Multi-homing costs imply the costs of affiliating/ maintaining presence on multiple platforms at the same time. My most popular example is the case of internet-based email services. Even though it is literally free for anyone with an internet to have an unlimited number of email accounts, most of us cannot really maintain more than three email accounts. The monetary costs of creating and operating multiple email accounts may be zero, but the effort required to remember passwords, periodic logins to each of the accounts, and ensuring that you are communicating using the right email account is too much for most people. These are multi-homing costs.

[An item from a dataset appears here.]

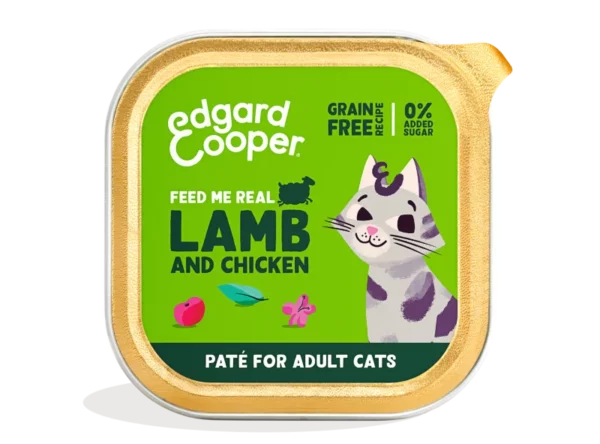 Lamb and free-run chicken paté for adult cats 85g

Multi-homing costs exist in all the three markets we are discussing – social networking, internet search, and micro-blogging. In the case of social networking, it is difficult to maintain multi-home as the updates that we are likely to share in multiple networks are likely to be the same. And, the strong network effects (all my friends are on Facebook) make sure that there is virtually no-one else who is active in any other competing social networking site who is reading my updates. Multi-homing costs in internet search manifest in the form of the search engine’s ability to customise its advertisements and offers to my preferences and behaviour, which is based on my behaviour over time – with my past preferences, I have actually trained the search engine to customise. Search on the same key words across different internet search engines are unlikely to provide different results, but it is the overall experience including advertisements and personalisation that matters in the case of Google. This is somewhat similar to being loyal to a particular airline and gaining miles in that frequent flyer program; as splitting one’s travel across multiple airlines’ loyalty programs would ensure that one does not remain a frequent flyer anywhere! Similarly, having invested sufficiently in training Google on my personal preferences, I would rather stick with Google search. Similar is the argument for Twitter – the network of micro-bloggers and followers exist on Twitter; and I have carefully curated the list of which micro-bloggers I want to follow. Multi-homing costs include creating multiple lists of people I want to follow, and getting others to follow me.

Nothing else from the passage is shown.